* What you are asked to do: Restate word for word the run of lines that begins at the one containing "(PDF) A Rare Cause of Neck Lump in an Infant" and ends at the last line of the listing.

++++ Extracted data

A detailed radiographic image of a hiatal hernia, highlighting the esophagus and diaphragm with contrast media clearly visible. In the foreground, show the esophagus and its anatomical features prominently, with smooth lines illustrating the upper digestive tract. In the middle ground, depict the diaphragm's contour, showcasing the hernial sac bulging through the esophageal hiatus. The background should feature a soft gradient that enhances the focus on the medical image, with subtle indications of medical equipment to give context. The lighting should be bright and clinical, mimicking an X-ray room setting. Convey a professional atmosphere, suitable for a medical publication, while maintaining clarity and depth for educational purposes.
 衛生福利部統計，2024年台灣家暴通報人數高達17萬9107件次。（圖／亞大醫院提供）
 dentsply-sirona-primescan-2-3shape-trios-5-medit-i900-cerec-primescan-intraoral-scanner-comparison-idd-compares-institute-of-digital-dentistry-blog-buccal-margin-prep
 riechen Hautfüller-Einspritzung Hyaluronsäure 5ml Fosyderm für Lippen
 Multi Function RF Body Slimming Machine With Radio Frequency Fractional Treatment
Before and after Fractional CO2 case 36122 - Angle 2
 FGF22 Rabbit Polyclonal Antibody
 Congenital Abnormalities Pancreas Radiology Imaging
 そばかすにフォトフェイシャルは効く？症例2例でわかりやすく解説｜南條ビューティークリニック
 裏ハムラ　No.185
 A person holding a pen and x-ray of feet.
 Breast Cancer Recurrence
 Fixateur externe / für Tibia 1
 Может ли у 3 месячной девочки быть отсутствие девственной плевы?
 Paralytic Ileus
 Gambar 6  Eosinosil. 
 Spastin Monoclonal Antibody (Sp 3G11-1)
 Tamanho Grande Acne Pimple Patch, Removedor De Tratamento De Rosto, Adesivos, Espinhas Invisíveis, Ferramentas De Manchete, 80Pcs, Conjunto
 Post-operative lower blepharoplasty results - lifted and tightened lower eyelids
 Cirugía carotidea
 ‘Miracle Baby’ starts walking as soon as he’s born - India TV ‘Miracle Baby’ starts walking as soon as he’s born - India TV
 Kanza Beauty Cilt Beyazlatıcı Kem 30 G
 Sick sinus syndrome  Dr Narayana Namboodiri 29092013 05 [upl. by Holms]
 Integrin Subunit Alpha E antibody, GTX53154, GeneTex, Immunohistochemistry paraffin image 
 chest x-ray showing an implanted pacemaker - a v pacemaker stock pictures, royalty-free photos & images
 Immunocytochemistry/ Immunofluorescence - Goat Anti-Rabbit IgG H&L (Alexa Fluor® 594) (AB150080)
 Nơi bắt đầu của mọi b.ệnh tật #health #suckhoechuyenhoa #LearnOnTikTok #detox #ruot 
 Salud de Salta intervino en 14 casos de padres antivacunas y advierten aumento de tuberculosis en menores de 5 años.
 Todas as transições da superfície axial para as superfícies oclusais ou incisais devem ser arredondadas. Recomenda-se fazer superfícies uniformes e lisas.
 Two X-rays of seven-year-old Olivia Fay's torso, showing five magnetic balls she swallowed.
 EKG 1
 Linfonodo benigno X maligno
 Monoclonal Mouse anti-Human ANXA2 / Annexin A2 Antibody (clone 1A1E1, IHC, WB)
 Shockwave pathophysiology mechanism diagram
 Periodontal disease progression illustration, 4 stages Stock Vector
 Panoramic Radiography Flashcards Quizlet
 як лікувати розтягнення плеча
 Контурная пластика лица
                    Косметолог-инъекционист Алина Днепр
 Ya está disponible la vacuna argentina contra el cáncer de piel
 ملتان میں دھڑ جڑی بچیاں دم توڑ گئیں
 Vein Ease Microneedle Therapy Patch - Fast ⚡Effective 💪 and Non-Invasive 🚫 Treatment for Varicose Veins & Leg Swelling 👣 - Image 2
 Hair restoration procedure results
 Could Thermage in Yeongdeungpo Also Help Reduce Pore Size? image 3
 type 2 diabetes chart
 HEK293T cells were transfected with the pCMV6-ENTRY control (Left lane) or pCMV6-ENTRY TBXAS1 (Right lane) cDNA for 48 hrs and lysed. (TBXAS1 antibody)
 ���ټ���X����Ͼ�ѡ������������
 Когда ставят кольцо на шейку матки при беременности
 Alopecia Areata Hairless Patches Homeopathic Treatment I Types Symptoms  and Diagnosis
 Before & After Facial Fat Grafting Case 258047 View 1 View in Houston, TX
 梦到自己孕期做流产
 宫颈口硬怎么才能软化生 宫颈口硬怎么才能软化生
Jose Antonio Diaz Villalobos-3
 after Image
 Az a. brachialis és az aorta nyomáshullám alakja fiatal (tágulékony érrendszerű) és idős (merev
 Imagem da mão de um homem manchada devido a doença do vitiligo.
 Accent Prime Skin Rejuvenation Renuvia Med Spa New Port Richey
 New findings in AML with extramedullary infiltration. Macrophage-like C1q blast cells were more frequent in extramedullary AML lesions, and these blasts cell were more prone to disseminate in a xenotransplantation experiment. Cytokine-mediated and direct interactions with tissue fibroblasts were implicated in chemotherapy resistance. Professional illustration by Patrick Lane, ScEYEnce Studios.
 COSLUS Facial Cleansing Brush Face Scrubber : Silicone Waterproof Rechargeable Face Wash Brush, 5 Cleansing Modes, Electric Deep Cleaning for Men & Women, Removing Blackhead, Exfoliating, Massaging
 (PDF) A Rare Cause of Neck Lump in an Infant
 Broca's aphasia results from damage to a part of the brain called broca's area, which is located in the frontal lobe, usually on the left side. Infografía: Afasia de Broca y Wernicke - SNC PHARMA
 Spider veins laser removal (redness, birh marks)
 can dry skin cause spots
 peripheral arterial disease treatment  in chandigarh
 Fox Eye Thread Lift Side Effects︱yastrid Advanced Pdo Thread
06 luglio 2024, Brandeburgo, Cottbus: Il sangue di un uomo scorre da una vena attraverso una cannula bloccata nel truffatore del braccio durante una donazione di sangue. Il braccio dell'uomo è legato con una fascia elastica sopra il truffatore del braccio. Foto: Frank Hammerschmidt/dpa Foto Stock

++++++++

* Task solution:
 (PDF) A Rare Cause of Neck Lump in an Infant
 Broca's aphasia results from damage to a part of the brain called broca's area, which is located in the frontal lobe, usually on the left side. Infografía: Afasia de Broca y Wernicke - SNC PHARMA
 Spider veins laser removal (redness, birh marks)
 can dry skin cause spots
 peripheral arterial disease treatment  in chandigarh
 Fox Eye Thread Lift Side Effects︱yastrid Advanced Pdo Thread
06 luglio 2024, Brandeburgo, Cottbus: Il sangue di un uomo scorre da una vena attraverso una cannula bloccata nel truffatore del braccio durante una donazione di sangue. Il braccio dell'uomo è legato con una fascia elastica sopra il truffatore del braccio. Foto: Frank Hammerschmidt/dpa Foto Stock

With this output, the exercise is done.